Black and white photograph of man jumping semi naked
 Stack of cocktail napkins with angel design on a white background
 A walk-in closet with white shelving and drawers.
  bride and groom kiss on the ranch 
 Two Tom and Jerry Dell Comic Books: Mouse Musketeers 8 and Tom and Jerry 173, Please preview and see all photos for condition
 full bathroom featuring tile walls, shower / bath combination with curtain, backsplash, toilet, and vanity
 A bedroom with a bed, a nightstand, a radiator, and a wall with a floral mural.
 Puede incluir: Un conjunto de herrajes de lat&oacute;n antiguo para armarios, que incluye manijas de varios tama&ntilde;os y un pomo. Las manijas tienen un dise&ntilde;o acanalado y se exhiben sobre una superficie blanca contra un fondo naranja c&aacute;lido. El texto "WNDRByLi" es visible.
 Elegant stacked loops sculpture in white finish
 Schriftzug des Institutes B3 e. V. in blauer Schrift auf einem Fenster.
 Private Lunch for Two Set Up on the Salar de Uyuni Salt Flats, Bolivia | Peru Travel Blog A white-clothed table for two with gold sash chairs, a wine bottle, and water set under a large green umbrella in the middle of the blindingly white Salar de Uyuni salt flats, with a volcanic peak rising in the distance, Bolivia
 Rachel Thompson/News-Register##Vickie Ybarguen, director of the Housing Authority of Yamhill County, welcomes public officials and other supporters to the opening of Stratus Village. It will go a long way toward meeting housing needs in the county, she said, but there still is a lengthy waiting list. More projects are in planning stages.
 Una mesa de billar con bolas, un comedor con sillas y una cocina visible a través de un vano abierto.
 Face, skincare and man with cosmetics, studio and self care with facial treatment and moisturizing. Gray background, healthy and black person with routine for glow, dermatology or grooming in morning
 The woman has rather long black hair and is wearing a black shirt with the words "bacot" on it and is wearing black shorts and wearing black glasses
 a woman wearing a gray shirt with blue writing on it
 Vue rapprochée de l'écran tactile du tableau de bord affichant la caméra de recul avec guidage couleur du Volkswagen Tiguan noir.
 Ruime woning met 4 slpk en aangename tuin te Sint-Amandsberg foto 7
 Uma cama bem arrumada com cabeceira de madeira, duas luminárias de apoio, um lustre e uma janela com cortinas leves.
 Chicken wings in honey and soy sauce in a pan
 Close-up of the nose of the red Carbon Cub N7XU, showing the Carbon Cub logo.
★ ★ ★ ★
→ Work required
Transcribe the material exactly, stopping after the "A bedroom with" line.

→ Solution for this task
Black and white photograph of man jumping semi naked
 Stack of cocktail napkins with angel design on a white background
 A walk-in closet with white shelving and drawers.
  bride and groom kiss on the ranch 
 Two Tom and Jerry Dell Comic Books: Mouse Musketeers 8 and Tom and Jerry 173, Please preview and see all photos for condition
 full bathroom featuring tile walls, shower / bath combination with curtain, backsplash, toilet, and vanity
 A bedroom with a bed, a nightstand, a radiator, and a wall with a floral mural.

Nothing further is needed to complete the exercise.